An idiot’s guide to reducing the burden of regulation

08 May 2013, By

Today’s Queen’s speech announced that there will be a new Deregulation Bill. This will, among other things, take those self-employed who pose no risk to others from the scope of the Health and Safety at Work Act.

Now at present the situation is simple. If you are self-employed, you have a legal duty to ensure that you protect others from harm resulting from your work activity. This covers all self-employed people. It is pretty straightforward and it works. There is no confusion and it means that everyone is very clear that no-one can take risks with others safety or health, even if they are self-employed.

The Government now plans to change this so that any person whose work activity poses no risk to anyone else will not be covered. Now that may seem to be common sense – until you think about it for about 2 seconds.

When are you possibly going to be prosecuted under the existing Health and Safety at Work Act if you are self-employed? The answer is, if you injure someone or put them at risk of injury. The only time the Health and Safety at Work Act can be used is in circumstances whereby the person does put another person at risk. So why change it?

Every self-employed person is still going to have to do a risk assessment and if there is no risk there is no problem. That will not change. What will change is the confusion that it will bring.

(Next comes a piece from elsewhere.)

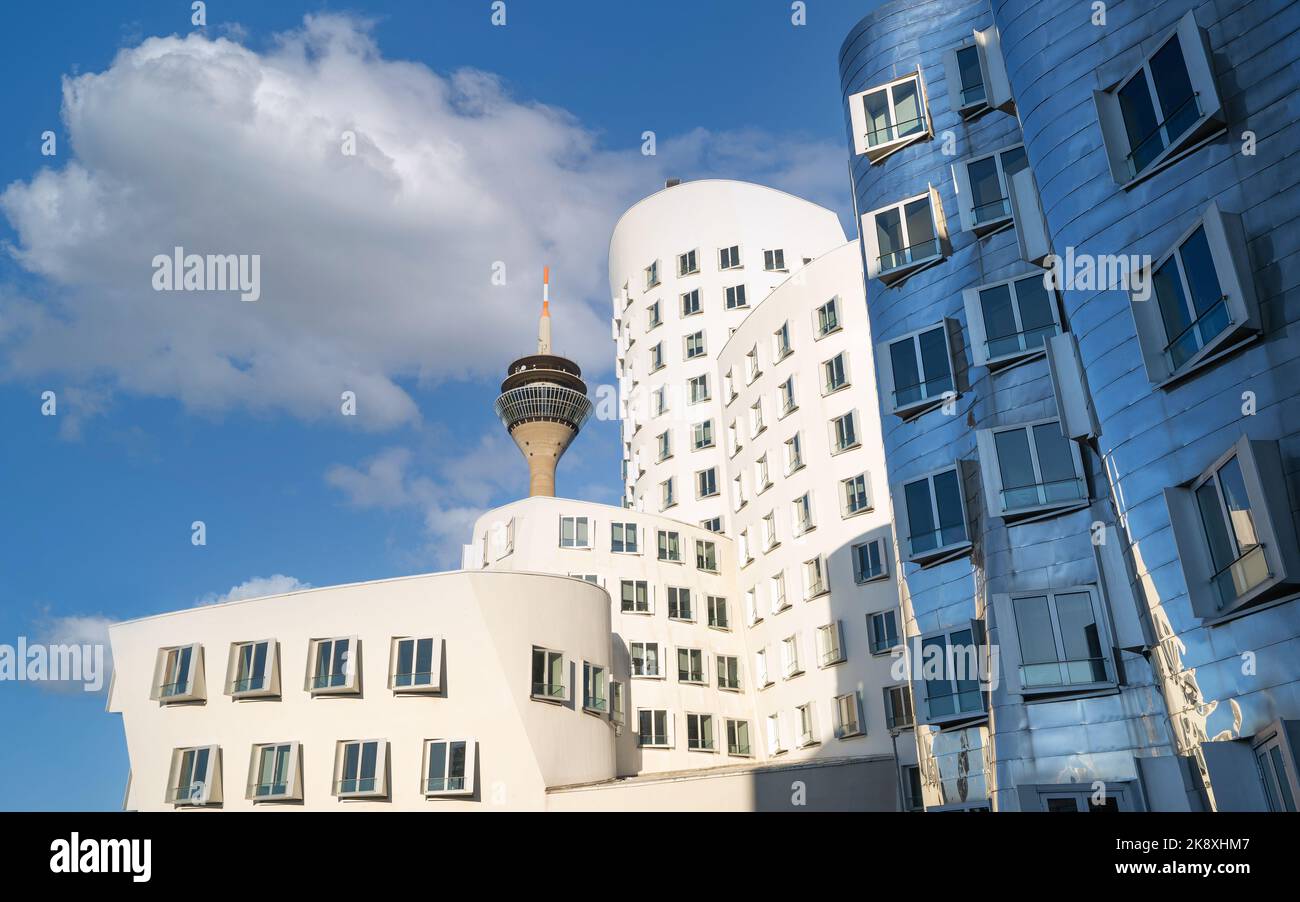 DÜSSELDORF, DEUTSCHLAND - 29. SEPTEMBER 2022: Panoramabild moderner Gebäude im Medienhafen Düsseldorf am 29. September 2022 in Deutschland, Euro Stockfoto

Anyone who has tried to explain the change to others will know that it is not easy to get your head around what it means. Self-employed people will be unsure if they are covered, or presume that they are not. Even many people that clearly do pose a danger, such as self-employed scaffolders or electricians will think that they now have nothing to worry about so there is no need for any safety precautions.

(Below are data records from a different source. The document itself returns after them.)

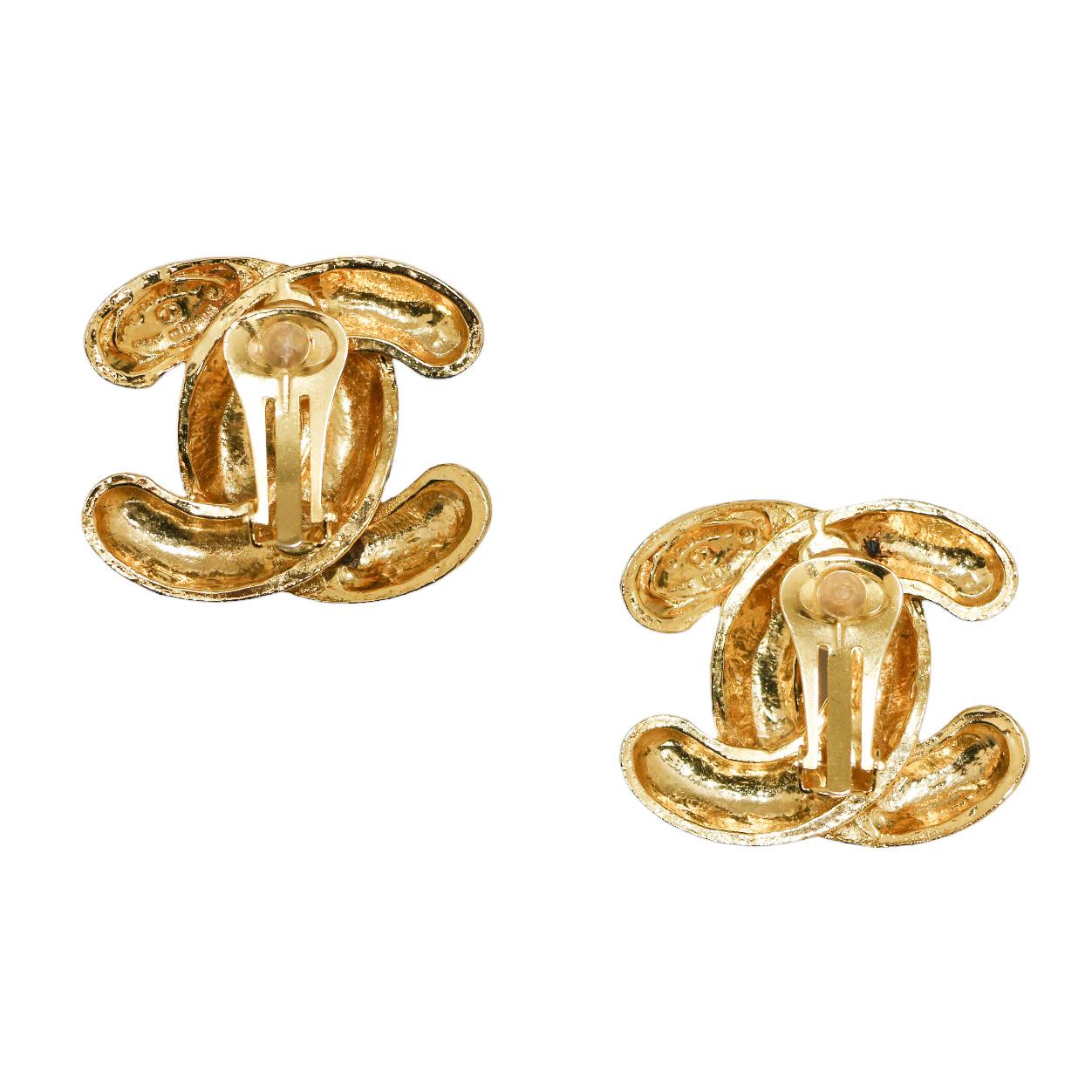 Beautiful vintage quilted clip-ons by Chanel
Condition : excellent
Made in France
Material : gold plated metal
Color : golden
Dimensions : 4.3 x 3 cm
Stamp : yes
Year : 1990-1992
Details : stunning quilted clip-on earrings reminding of the brand's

Worse still people who control the workplace where self-employed people work (often bogus-self-employed) will wrongly think that they do not have any duty of care to them. Self-employed people who employ others may interpret it as meaning that they are exempt from the law.

Given that the most dangerous industries all have a high proportion of self-employed people in them (agriculture, construction etc.) anything that confuses the situation is a recipe for disaster. The government will say that these people in dangerous industries are not exempted and if you ask who is exempted they come up with examples like a novelist who works in their own home.

Yes, but the novelist in their own home is only covered now if they put someone at risk. That will not change. What will change is that hundreds of thousands of other people simply will not know whether they are covered. It is a recipe for confusion and misunderstanding.

This stupid and dangerous proposal is being done in the name of reducing burdens. How it is going to remove any burdens is beyond me. It does not actually change the situation for those who genuinely do not pose a risk to others and only creates complete confusion for all the other self-employed.

Instead it is an ideological move from a government that is solely interested in deregulation, or even worse, the illusion of deregulation, regardless of the cost. No-one is claiming that it will do anything to improve health and safety and it certainly is not going to simplify anything.

Once last thought on the matter. There is currently a fatality rate of 1.2 per 100,000 for the self-employed as against 0.5 per 100,000 for employees.